Lego, The Lorax and a Lime Green Porsche

Growing up in a terrace house in inner-city Melbourne in the 1970s, my childhood revolved around building lego, styling my dolls house, sleepovers and way too much after school television. Weekends were spent camping or visiting my grandparents’ farm, where days of unsupervised outdoor play, building cubby houses and collecting tadpoles, required creativity, resourcefulness and a sense of adventure.

Overseas travel with history-obsessed parents and periods living and attending school in Italy introduced me to cathedrals and art museums, piazzas and pensiones — challenging any assumption that there was one right way to live.

At school I was terrible at sport but found my happy place in the art room. I loved drawing and making. In year 7 I won a drawing competition for an anti-pollution campaign with a drawing of the city submerged in smog. I was highly influenced by The Lorax by Dr Seuss and I'd say that one book set me on my path towards environmentalism.

I took art, physics, applied maths and European history in secondary school. After two weeks of work experience in an architect's office — including a lift home in the architect's lime green Porsche (it was the 80s) — architecture was a natural choice. I started my degree at Melbourne University and transferred to RMIT.

In my first year of architecture, I saw a flyer for a yoga class and thought "yoga – I wonder what that is." I went along to the Rathdowne Street Yoga Room and did my first class in the Iyengar tradition, focusing on breathwork and the asanas.
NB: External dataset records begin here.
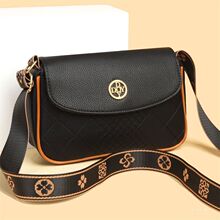 女包外贸现货批发戴欧娅2025春季新款百搭盖头斜挎包中年单肩包软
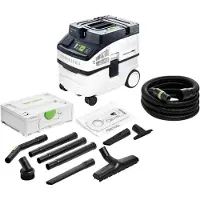 Festool CT 15 CLEANTEC Absaugmobil 1200 Watt 15 l ( 578327 ) + 7 tlg. Standard Reinigungsset ( 577257 )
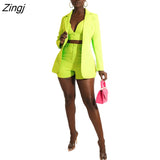 Women Tracksuit 3 Piece Set Jacket Coat + Shirt + Pants Solid Color Sportsuit Clothes For Women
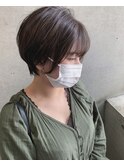 大人可愛い【横顔美人ショート】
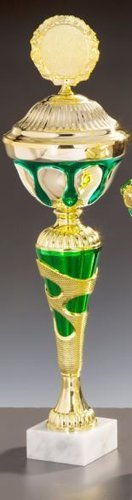 Gold/Grün Pokal Zara - in 6 Größen erhältlich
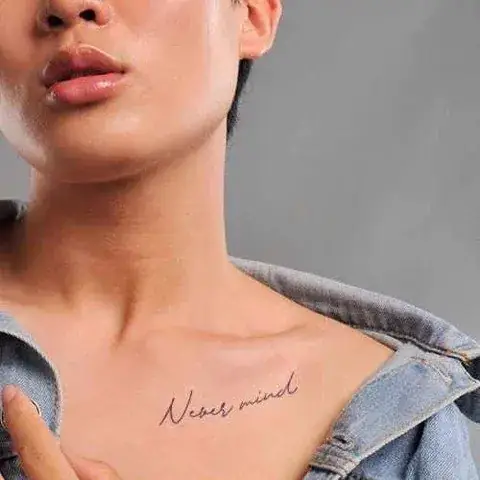 Hình Xăm Chữ Động Viên, Cố Gắng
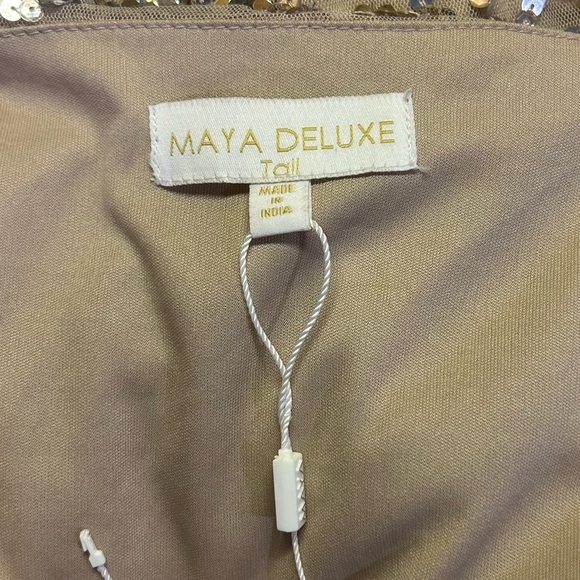 ASOS Maya Deluxe Tall Bridesmaid Sequin Wrap Dress, size 10. - Picture 7 of 8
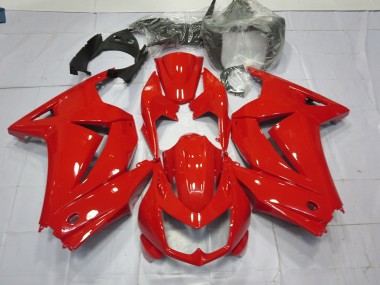 Rot Glänzend 08-12 Kawasaki Ninja 250 Verkleidung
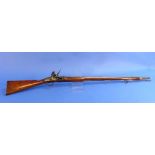 A East India Company India pattern 'Brown Bess' flintlock musket, marked 1810, with company
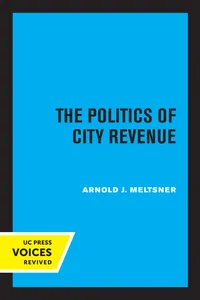 The Politics of City Revenue_cover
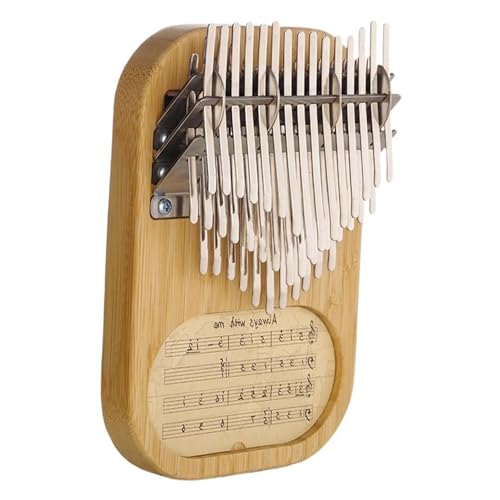 41 Tasten Kalimba B/C Note Daumenklavier Tragbares Professionelles Kalimbas-Tastaturinstrument Mit Zubehör Schöne Geschenke Fingerklaviere(C Note) von DVCSDE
I have been practicing ever since. A regular yoga and mindfulness practice has given me the quality of sustained attention that complex, long-term projects demand.

In 1993, I initiated a rare study exchange to India to study at CEPT under V.B. Doshi — one of the great architects of the 20th century and a Pritzker Prize laureate. I went on to intern at Daniel Libeskind's Berlin studio, where construction on the Jewish Museum had just commenced. While project managers oversaw the build, a handful of us worked on late stage documentation — an intimate involvement in one of the most significant works of architecture of its era.

After graduating, I worked for renowned Melbourne practices across arts, hospitality, education, heritage and multi-residential architecture, while raising my two children. In 2006 I won the Premier's Design Award sustainability prize for the internationally recognised LUMI rainwater tank — a design that changed how Australians think about urban water collection.

I have also taught Professional Practice, Design and Construction at the University of Melbourne, and Sustainable Design at Swinburne University.

In 2015, I relocated from Melbourne to Castlemaine and established Logan Architecture Studio. My studio occupies a historic church I converted myself — next to which I built two apartments, one of which I call home.